Q&A: Les Wong on being 'a catalyst for a new vision' at SF State

Following a 24-year term served by Robert A. Corrigan, University President Leslie E. Wong, who was the former president of Northern Michigan University, has recently begun his first year at SF State. Photo by Sam Battles.

Among the new faces on campus this semester will be that of Dr. Leslie E. Wong, SF State’s new president. Wong hails from Northern Michigan University, a University much smaller than SF State, where he focused on forging connections with both students and faculty. Golden Gate Xpress Editor-in-chief Kale Williams had the pleasure of sitting down with the incoming University president to discuss adapting to city life, executive compensation and Wong’s vision for the future of SF State in these troubled economic times. SF State spokeswoman Ellen Griffin also sat in on the meeting.

Northern California is pretty different from Northern Michigan. How has the transition to San Francisco gone so far and what are your favorite and least favorite parts of city life so far?

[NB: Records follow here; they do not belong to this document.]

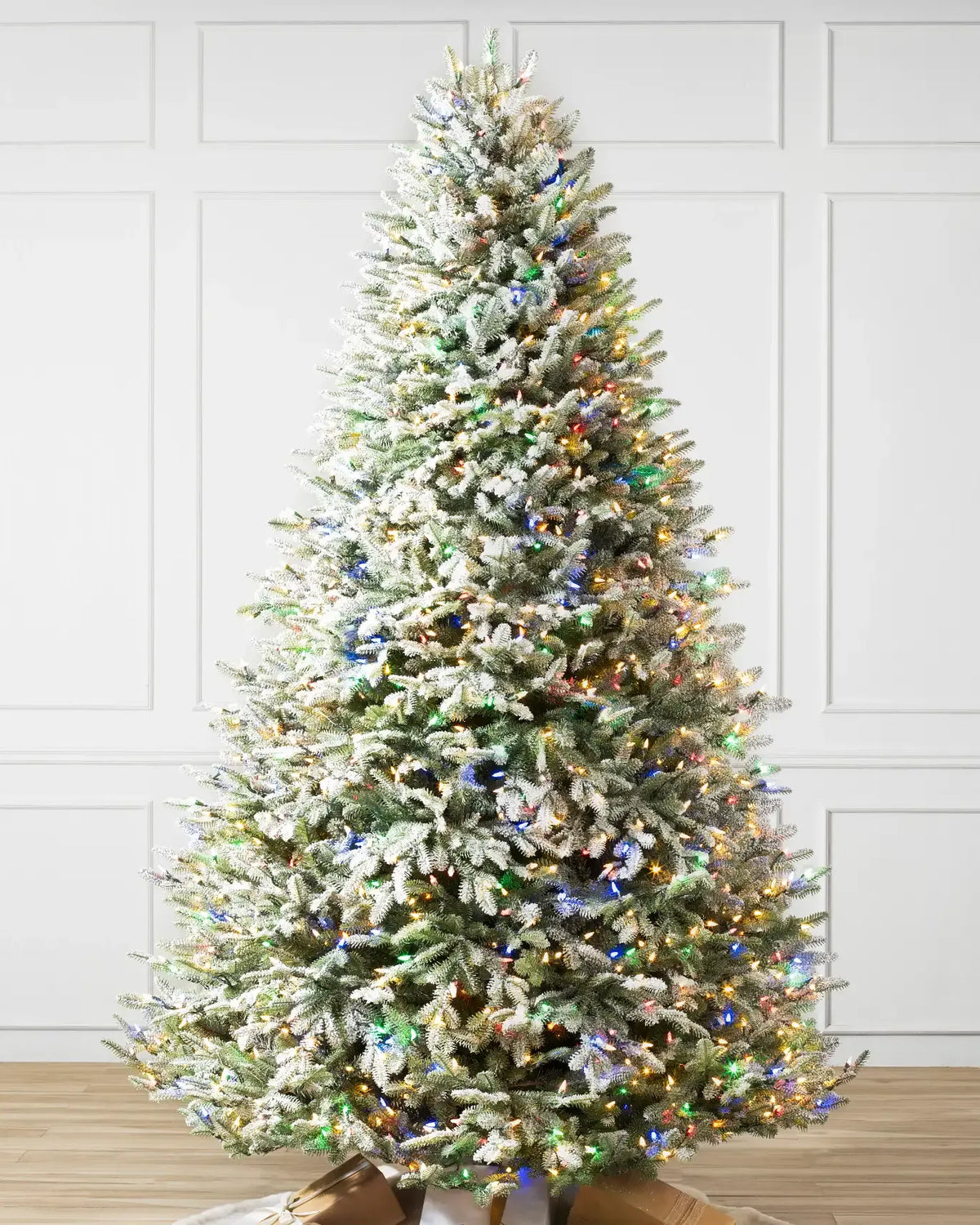 Frosted BH Balsam Fir??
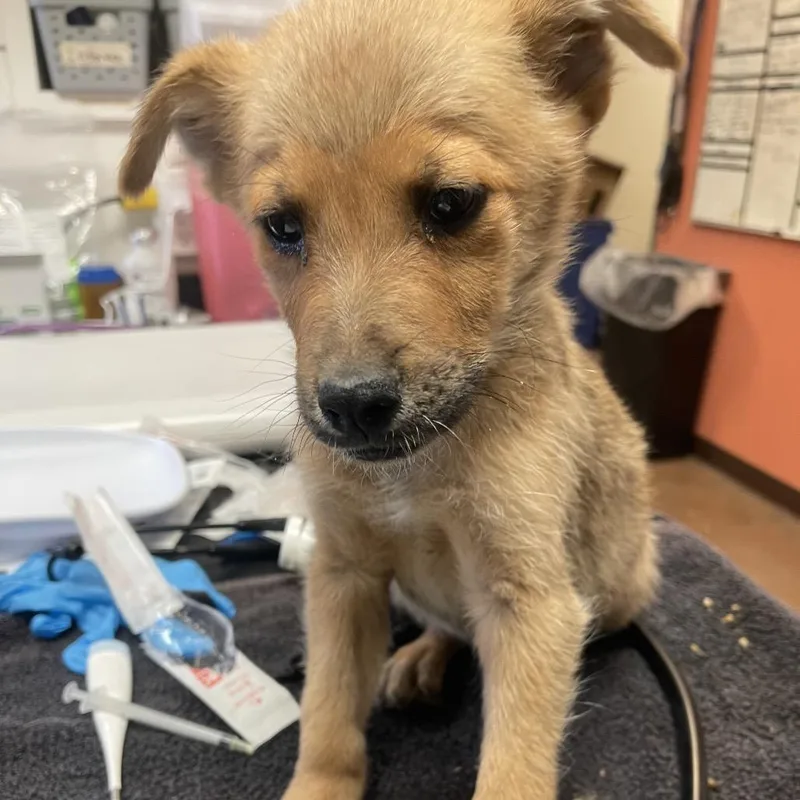 A baby small-sized male Yellow / Tan / Blond / Fawn Mixed Breed dog named Wrench for adoption in Flagstaff, AZ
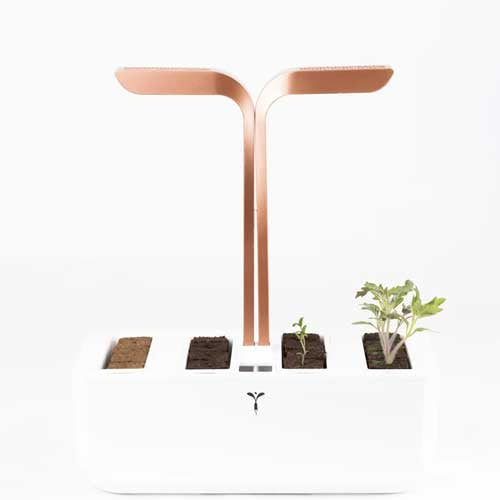 Kit de culture - VERITABLE bouture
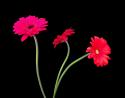 Crazy Daisies II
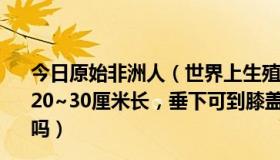 今日原始非洲人（世界上生殖器最大的民族:非洲象人族JJ有20~30厘米长，垂下可到膝盖以下，甚至有的拖地. 是真的吗）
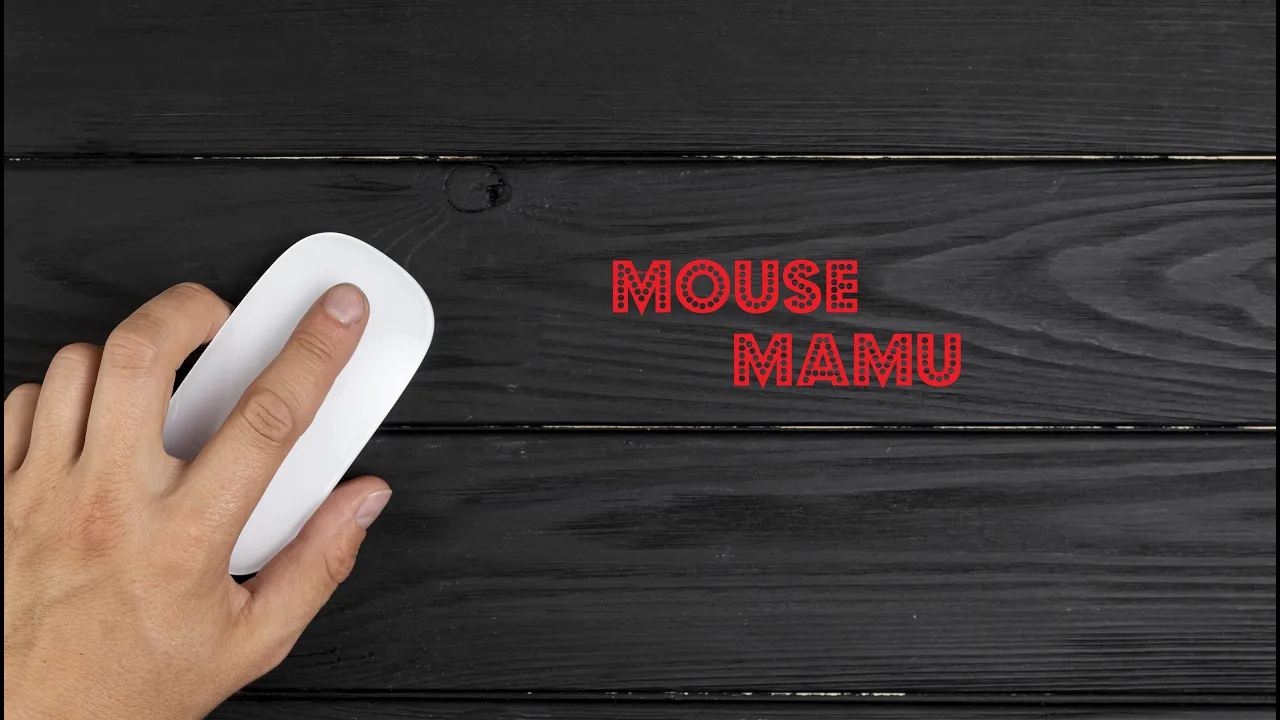 Mouse Mamu Live Stream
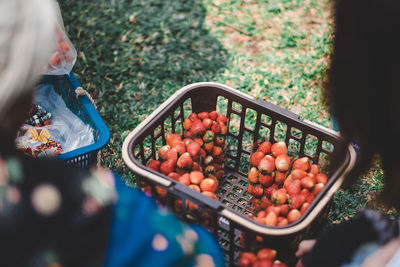 High angle view of fruits in container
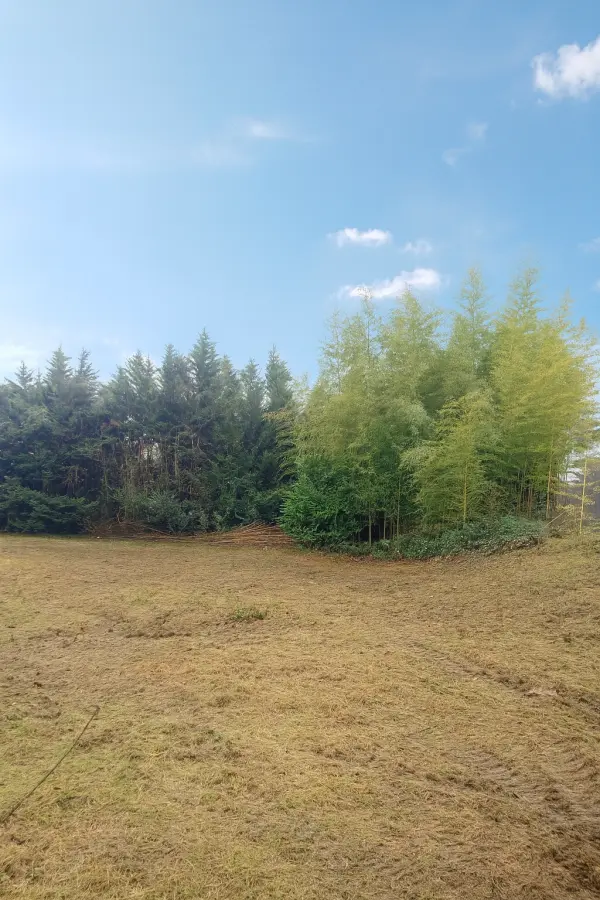 Lentilly 69210 – Vente terrain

Leslie E. Wong: Good question. It’s been a little easier because it’s coming home for me, even though I was raised on the Oakland side in the East Bay. Certainly getting used to parking, parking, parking, no matter where you go on campus, downtown. But we’ll get used to public transit, etc. The hardest part for me is that I’m a bicyclist and I haven’t used my bike yet because I want to get a mental map figured out, but I was very much into walking and using my bike in Michigan. You only had to worry about hitting deer, moose, porcupines, so getting back to the city has been fun, but it is really different. Luckily my driving skills haven’t gone away, so that’s been an easy adjustment. I am thoroughly excited by the diversity on campus. It’s wonderful to go into Cesar Chavez Center and hear Spanish, Chinese, Mandarin, Cantonese, to hear other languages. It’s a good reminder that an education is for the world. It’s not just for you or for your family, although that is important, but it’s about understanding the world and being a part of it. I’ve really enjoyed that part of it.

So what neighborhood did you choose to live in and are you renting or did you buy a house?

LW: We’re renting right now. We wanted to be in the city, so we’re living near campus, which makes walking and biking much easier.

What is a typical day like for you?

LW: Whoa…

That is, if you’ve had a typical day so far. I know the semester hasn’t started yet.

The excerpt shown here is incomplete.